Hence, in our considered view it is not correct to say that the appellant Trust has no dissolution clause to transfer the corpus of the Trust in accordance with the Bombay Public Charitable Trust Act, 1950. Even if it is not specifically mentioned in the Trust deed that the property shall be transferred in accordance with the said Act, the said Act shall automatically come into operation in case the Trust is dissolved. Moreover, the Hon’able Gujarat High Court in Director of Income tax (Exemption) v. Vanchhara Tirthaadhipati- Chintamani Paraswaprwabhu (supra) has held that refusal to grant registration to assessee Trust on the ground of absence of dissolution clause in Trust deed was unjustified where Trust deed specifically provided that in case of closure, property of Trust be handed over to other Trust having similar objects. In view of the law laid down by the Hon’able High Court of Gujarat aforesaid, the findings of the learned DIT(E) are erroneous and not sustainable in the law.

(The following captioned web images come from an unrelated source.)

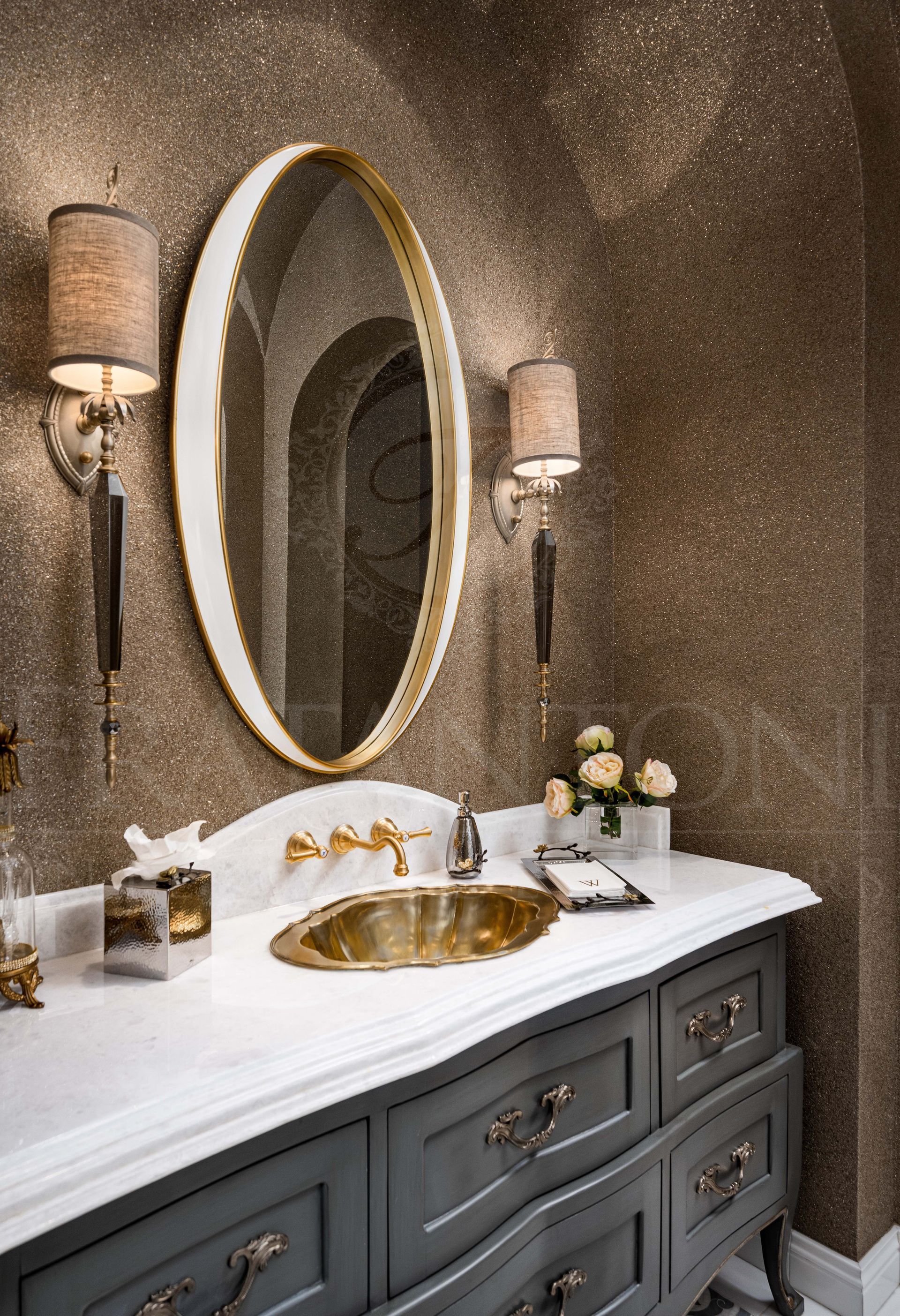 Custom bathroom vanity with oval mirror, gold faucet, gold drop-in sink, marble counter and backslash, ornate sconces, and glitter brown and gold walls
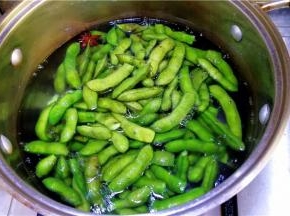 然后放入毛豆不加盖煮开后转中火煮8分钟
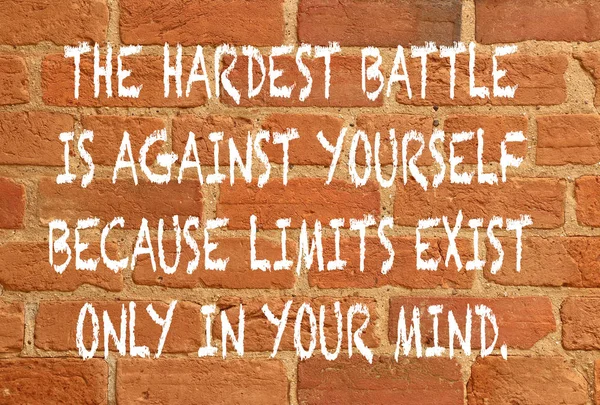 positive quote about strength on red brick wall background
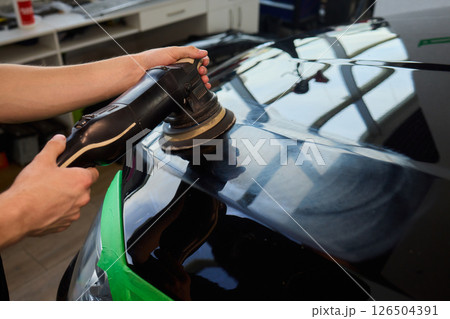 A Detailed Close Up of the Car Polishing Process in the Field of Automotive Detailing 126504391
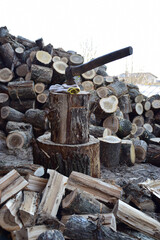 Stacked firewood, prepared for home heating, winter preparation, firewood storage, firewood log stack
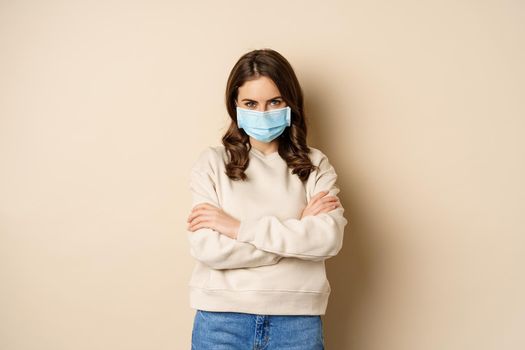Covid-19, pandemic and quarantine concept. Beautiful modern woman in medical face mask, cross arms on chest, looking confident, beige background.
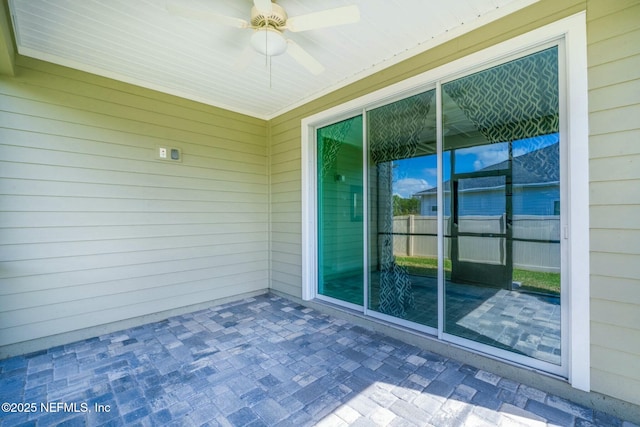 view of patio featuring ceiling fan and fence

So far as the second ground of rejection of the application is concerned, the Hon’able Supreme Court in Commissioner of Income Tax, Ujjan v. Dawoodi Bohara Jamat (supra) has held that where assessee Trust is formed with both religious and charitable objects, in terms of section 13(1)(b) of the Act, its claim for registration under section 12AA can be denied only in case when such objects are carried out for benefit of a particular religious community or caste. Hence, the registration cannot be refused in case where Trust is formed with both religious and charitable objects unless it is established that the objects are carried out for benefit of a particular religious community or caste. In the present case the intention of the settler of the Trust has been incorporated in clause (a) of the Trust deed which reads as under:-
“The settler being desirous of creating a Trust called Motiwala upliftment social Trust (MUST) (hereinafter referred as “the said Trust”) for carrying out charitable objects and purposes wide enough to confer benefits thereof on all persons irrespective of class, creed and community and for relief of poor, education, medical relief and advancement of similar objects of general and social welfare and so that such benefit may be given directly to the said Trust.”
From the contents of clause (a) of the Trust it cannot be inferred that the Trust has been created for the benefit of any particular religion or caste within the meaning of section 13(1)(b) of the Act. The facts of the cases relied upon by the Ld. DIT(E) are distinguishable from the facts of the present case. In the State Kerala vs. M.P. Shanti Verma Jain 231 ITR 787(SC), CIT v. Palghat Shadi Mahal Trust (254 ITR 212 SC), Gulam Mohidin Trust vs. CIT (248 ITR 587 J& K) and Shri. Dhakad Samaj Dharmashala Bhawan Trust vs. CIT (302 ITR 321 MP) the question to be decided before the respective courts was whether the Trust was entitled for benefit of exemption u/s 11 of the Act in the light of their respective objects, whereas in the present case the core issue to be decided is, whether in the light of the facts and circumstances of the case, the appellant Trust is eligible for registration u/s 12A of the Act or is not eligible for the same. Hence, in our considered opinion the impugned order is not in accordance with the law discussed above. We, therefore, set aside the impugned order and direct the Ld. DIT(E) to grant registration within sixty days from the date of receipt of this order.
In the result, the appeal filed by the appellant Trust is allowed.
Order pronounced in the open court 21st September, 2016.